Var/Yok

Var/Yok

Aslında halk olarak çok düṣünenizdir.

Kara kara düṣünürüz.

Yatar kalkar düṣünürüz.

Biz sadece doğru yöntemle düṣünmüyoruz.

Ya düṣündüğümüz zemin yanlıṣ, ya da yanlıș kapılardan düṣünmeye giriyoruz.

Ama daha çok soruları yanlıṣ soruyoruz.

Yanlıș sorulardan doğru yanıtlar çıkmıyor.

Matematikte bir yöntem vardır, sağlama yapmak.

Toplarsın, çarparsın, çıkarırsın, sonra sağlamasını yaparsın, ilk sayıyı bulursan, doğru çözümleme yapmıṣsın demektir.

Düṣüncenin yöntemi de öteki düṣüncelerim varlığından geçer.

Öteki düṣünceler yoksa senin düṣüncen de yoktur.

Ne demiṣ Fransız düṣünür: Renè Descartes:

"Düṣünüyorum, öyleyse varım."

Bu söz bize basit gibi gelebilir.

Ve deriz ki, düṣünmeyenler de var.

Doğru, düșünmeyenler de var!

Bunu ben de söyleyebilirdim diyenlerimiz de vardır.

Söyleyemez ama.

Söylemek için düṣünmek gerek, okumak gerek.

Okumadığımıza göre...

Bu söz tamamen bir felsefenin ürününüdür, bir derinlik vardır.

Deriz ya her insan soruları kadar vardır hayatta.

Șunu sormalı:

Sahi var mıyız?

Üretmek, düṣünen insanın kendisiyle tartıṣmasıyla ilintilidir.

Tartıṣmak kelimesi yerine çatıșmak da, savaṣmak da diyebilirdim, ama bu iki kelimede ṣiddeti çağrıṣtırıyor.

Konuṣma da diyebilirdim ama bu da edilgenliği ve rehaveti çağrıṣtırıyor.

Sohbetten doğru düṣünceler üretilemeye bilir, bunun için ne yaparız, iki düṣünceyi karṣı karṣıya getiririz.

Çoğumuz sevmez tartıṣmayı, kaçar.

Hele verimsizse, dinlememeye yönelikse, hele mat etmek içinse.

Kendisiyle tartıșmayan çok insan gördüm, bunlar  verileni hemen alan, doğru kabul edenlerdir.

Bu tür insanların eğitim seviyesi de, yalanlara inanacak kadardır.

Böyle olmaması için, var olmak için, üretmek için ne yapmalı?

Çeliṣmeliyiz durmadan.

Çeliṣme yeni ile eski arasında olur.

Çeliṣmek kiṣiliksizleṣmek değildir, yeni bir düṣünce üretmenin alt basamağıdır.
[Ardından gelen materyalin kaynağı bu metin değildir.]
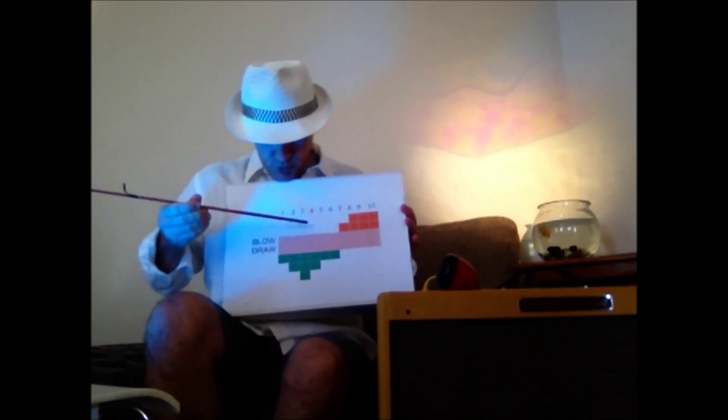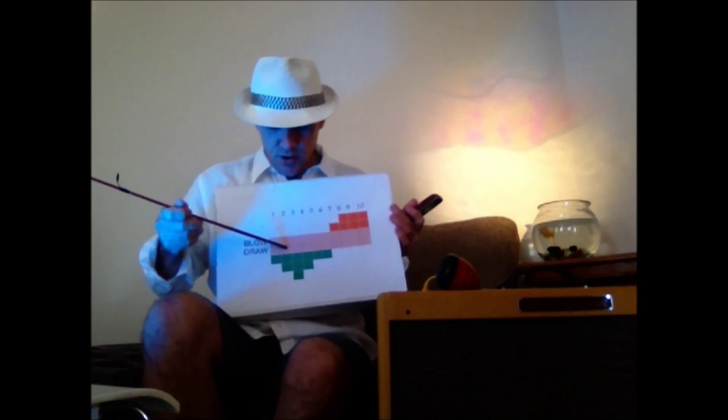It starts on draw hole 2. Draw 2 to bent, fully bent 2 to draw 1. There's only 3 notes in it. Here's what it sounds like.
Çeliṣkinin olmadığı yerde üretim olmaz.

Yazarken, konuṣurken, düṣünürken çeliṣkilerimi tarıṣtırırım, korkusuz yaparım bunu.

Kimi zaman sert bir tartıṣmaya sokarım, kimi zaman günlerce, aylarca sürer bu.

Bu tartıṣmadan çıkardığım doğruları savunur, inanırım, ta ki bu inandıklarımı bir baṣka bilimsel düṣünce yanlıṣlayıncaya kadar.

Çeliṣmeden, bu çeliṣkileri tartıṣtırmadan doğruyu bulmak imkansızdır.

Bunu neden mi yazdım?

Durup dururken yazmadım.

Ṣiddet mevsimindeyiz ve boykot mevsimine girdik.

Bu ṣiddet ortamı doğru ve öteki düṣünceleri boğuyor.

Düṣünme ortamı da bırakmıyor.

Kim yalanı daha çok tekrarlıyorsa, o yalan bizim doğrumuz oluyor.

Yani, bu da bizi  var/ yok yapıyor.

Biz de kendimizi var sanıyoruz.

Aslında yokuz.

Bilimsel yöntemle düṣünmeyen insan var/yoktur.